UV-Illuminated Rhodium: Breakthrough Yields Methane from Carbon Dioxide - cf100clunk
Researchers in the Chemistry and Physics Departments at Duke University have found that CH4 (Methane) is almost exclusively produced when rhodium nanoparticles are mildly illuminated in ultraviolet LED light, yielding a seven-fold increase in the CH4 production rate over dark conditions, while only a slight increase in simultaneous CO production was detected. No other carbon-containing product was observed, making this photocatalytic process an enticing possible solution for the reduction of carbon dioxide concentrations in the atmosphere while simultaneously producing methane for fuel and industrial use.
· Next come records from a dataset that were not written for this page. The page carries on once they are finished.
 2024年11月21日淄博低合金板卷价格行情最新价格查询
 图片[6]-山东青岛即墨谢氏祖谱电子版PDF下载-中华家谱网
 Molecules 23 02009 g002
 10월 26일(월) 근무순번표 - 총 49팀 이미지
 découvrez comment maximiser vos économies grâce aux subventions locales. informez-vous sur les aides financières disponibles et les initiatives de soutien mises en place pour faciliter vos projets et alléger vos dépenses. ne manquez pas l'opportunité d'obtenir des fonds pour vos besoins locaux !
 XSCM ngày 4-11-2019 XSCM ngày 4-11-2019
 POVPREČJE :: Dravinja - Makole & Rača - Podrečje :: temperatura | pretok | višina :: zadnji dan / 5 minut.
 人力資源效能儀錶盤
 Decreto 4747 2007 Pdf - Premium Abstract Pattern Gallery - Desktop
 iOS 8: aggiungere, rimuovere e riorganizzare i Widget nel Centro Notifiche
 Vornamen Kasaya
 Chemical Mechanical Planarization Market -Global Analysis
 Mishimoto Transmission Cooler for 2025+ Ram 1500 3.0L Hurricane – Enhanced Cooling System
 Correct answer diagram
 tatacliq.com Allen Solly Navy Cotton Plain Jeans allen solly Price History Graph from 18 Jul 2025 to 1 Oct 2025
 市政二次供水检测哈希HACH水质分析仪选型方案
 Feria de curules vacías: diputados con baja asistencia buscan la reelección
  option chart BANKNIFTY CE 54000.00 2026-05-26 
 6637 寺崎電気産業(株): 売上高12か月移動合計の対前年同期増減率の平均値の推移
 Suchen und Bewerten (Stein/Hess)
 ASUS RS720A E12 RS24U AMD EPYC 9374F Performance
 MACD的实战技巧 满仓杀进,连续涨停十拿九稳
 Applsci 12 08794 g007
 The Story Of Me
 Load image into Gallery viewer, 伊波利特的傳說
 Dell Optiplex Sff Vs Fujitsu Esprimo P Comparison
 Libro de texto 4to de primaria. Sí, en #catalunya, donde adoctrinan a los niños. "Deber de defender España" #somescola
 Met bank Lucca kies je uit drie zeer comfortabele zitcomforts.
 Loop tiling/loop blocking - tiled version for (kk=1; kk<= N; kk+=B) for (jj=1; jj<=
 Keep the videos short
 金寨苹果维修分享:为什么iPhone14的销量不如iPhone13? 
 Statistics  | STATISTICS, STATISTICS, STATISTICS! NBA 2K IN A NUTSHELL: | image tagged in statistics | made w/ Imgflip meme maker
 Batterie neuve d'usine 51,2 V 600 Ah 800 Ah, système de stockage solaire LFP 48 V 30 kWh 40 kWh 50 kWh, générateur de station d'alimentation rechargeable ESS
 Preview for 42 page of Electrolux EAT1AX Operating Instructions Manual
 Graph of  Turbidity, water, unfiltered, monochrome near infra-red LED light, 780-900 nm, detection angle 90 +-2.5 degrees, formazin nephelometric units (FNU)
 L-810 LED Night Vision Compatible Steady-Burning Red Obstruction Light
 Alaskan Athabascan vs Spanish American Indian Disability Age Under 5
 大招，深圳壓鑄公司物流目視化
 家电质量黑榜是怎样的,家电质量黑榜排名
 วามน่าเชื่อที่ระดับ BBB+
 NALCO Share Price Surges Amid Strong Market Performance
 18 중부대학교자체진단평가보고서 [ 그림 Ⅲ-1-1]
Rhodium is commonly used in automobile catalytic converters. http:&#x2F;&#x2F;www.nature.com&#x2F;articles&#x2F;ncomms14542
======
737013
Landmark. All kinds of sophisticated nanostructured catalysts are going to do
some amazing things. It's the most interesting branch of chemistry --
affecting fundamental kinetics like reaction rates, using really fundamental
physical characteristics like shape, surface and mixing it with EM radiation.
But it's still chemistry. It's like machine code for chemistry. Whereas
organic reactions with their convenient diagrams and nomenclature are like
"higher level langauges." People might think progress in chem is over. But
it's just the beginning.